Тогда Никон сел рядом с ним, ударил ладонью по колену и серьёзно заговорил:
— Ну — ладно, будет конфузиться-то: дело — житейское, было и — будет! Болтать не станешь?
— Будь надёжен!
— То-то. Помолчишь — спасибо скажу, распустишь язык — вредить буду.
И, снова оглянув Кожемякина, дружелюбно, тихо добавил:
— Ты бабу не обидишь, — верно?
— Конечно, — сказал Кожемякин, легко вздохнув, — какой я судья людям?
— Ну да! У тебя — совесть есть, я знаю!
Встал и, расправляя плечи, хозяйски крикнул:
— Вылезай, Марья, давай гостям чаю, что ли?

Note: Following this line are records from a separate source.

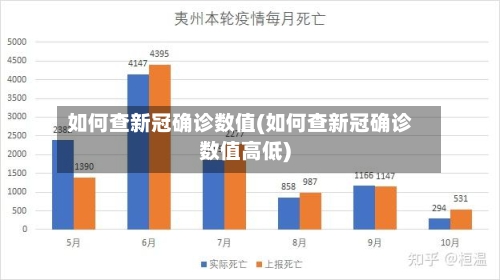 如何查新冠确诊数值(如何查新冠确诊数值高低)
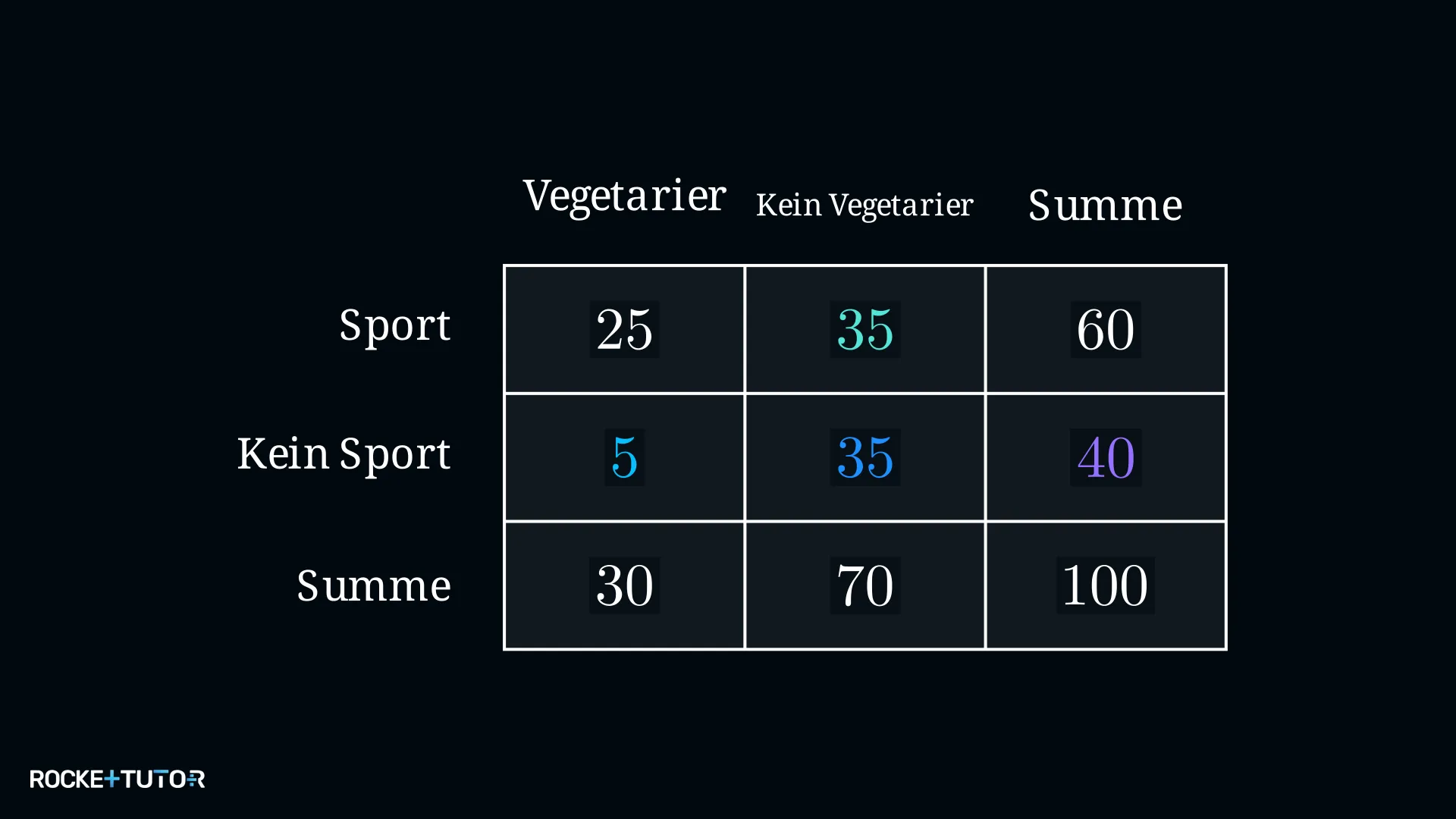 Vollständig ausgefüllte Vierfeldertafel Sport und Vegetarier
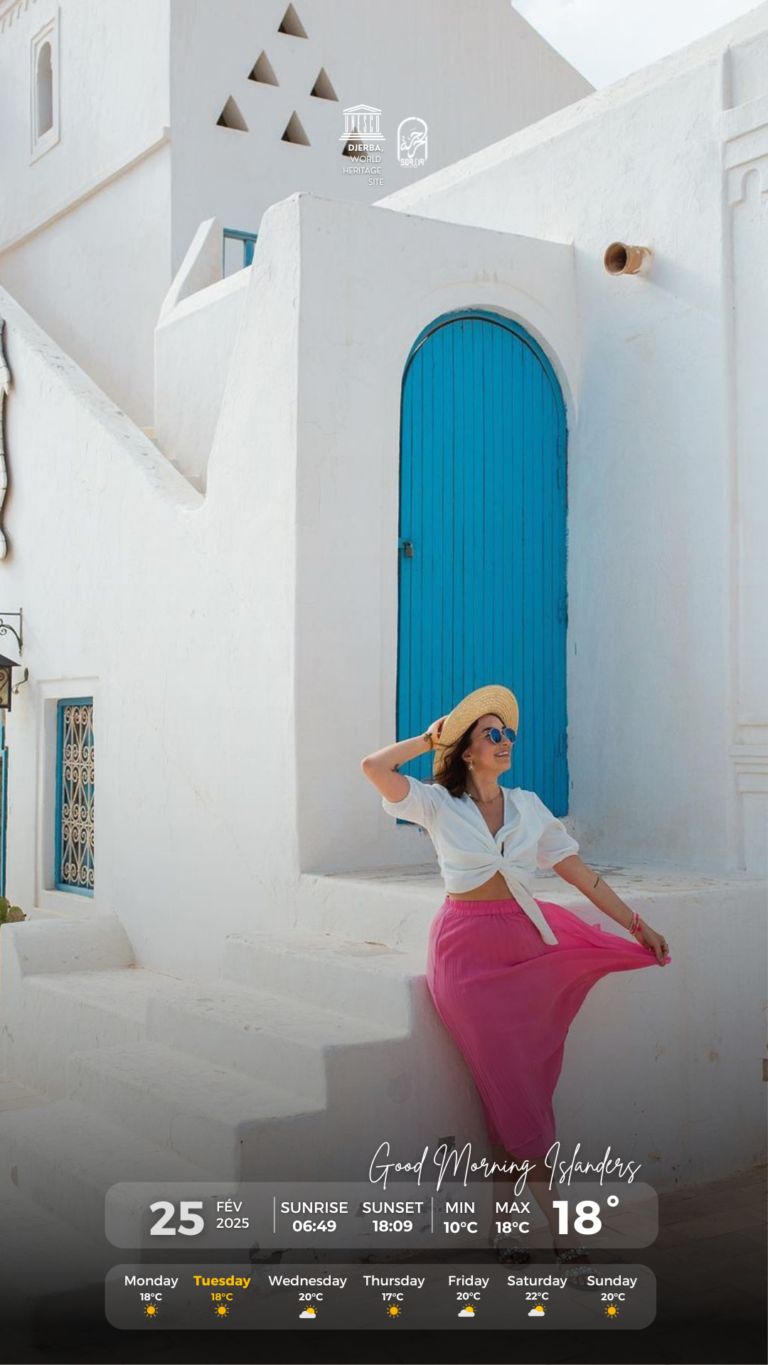 Météo Djerba 25.02.2025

Она вышла румяная, полузакрыв томные глаза и по-девичьи прикрывая лицо локотком, гибкой, кошачьей походкой подошла к смущённому гостю, говоря тихо:
— Ой, стыдобушка какая…
Отворотясь в сторону, лукаво улыбаясь и опустив глаза, она протянула Кожемякину руку.
— Не осуди грешницу, Матвей Савельич!
Была она очень красива, и Кожемякин видел, что она сама знает это. Обрадованный тем, что всё обещает кончиться хорошо, без скандала, тронутый её простыми словами, увлечённый красотой, он встал пред нею, веско и серьёзно сказав:
— Не беспокойся, прошу, я сплетне не потатчик! И помню твою доброту ко мне.

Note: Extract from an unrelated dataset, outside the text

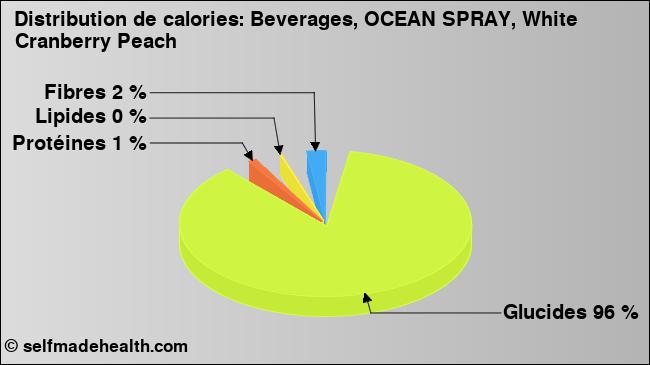 Calories: Beverages, OCEAN SPRAY, White Cranberry Peach (diagramme, valeurs nutritives)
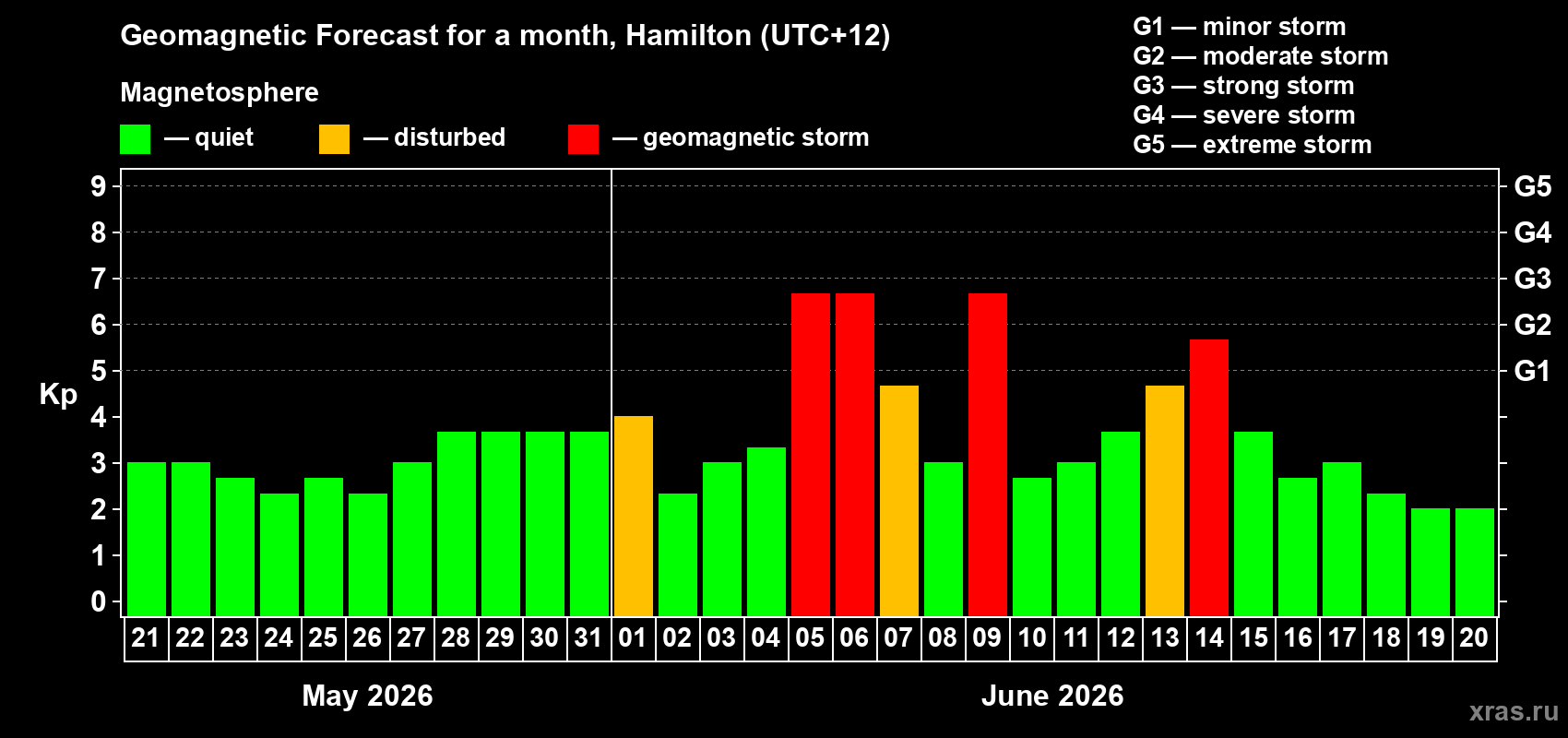 Forecast of the daily maximal value of geomagnetic index Kp for <b>1 month</b> (31 days) <b>from May 21, 2026 to Jun 20, 2026</b>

Любуясь ею, Никон подталкивал её к дверям.
— Иди, иди, бесстыдница!..
Облизывая губы розовым языком и поигрывая статным телом, она пошла, сердито бросив Никону:
— А сам-то не бесстыдник?
Никон, нахмурясь, посмотрел вслед ей и зашагал по комнате, опустив голову.
— Так-то, Кожемякин, вот и застал ты меня в чужом гнезде…
Было в нём что-то незнакомое: мягкое, невесёлое и располагающее к нему.
— Не весьма осторожны вы, — сказал Матвей Савельев, качая головой.
— Виктор поехал в уезд, холсты скупать, кружева, у кухарки — тоже свои эдакие дела, да именинница она притом же, — задумчиво рассказывал Никон.
— Вдруг бы кто другой в моё место!
— Нехорошо было бы ему! — сказал Маклаков, мельком взглянув на гостя.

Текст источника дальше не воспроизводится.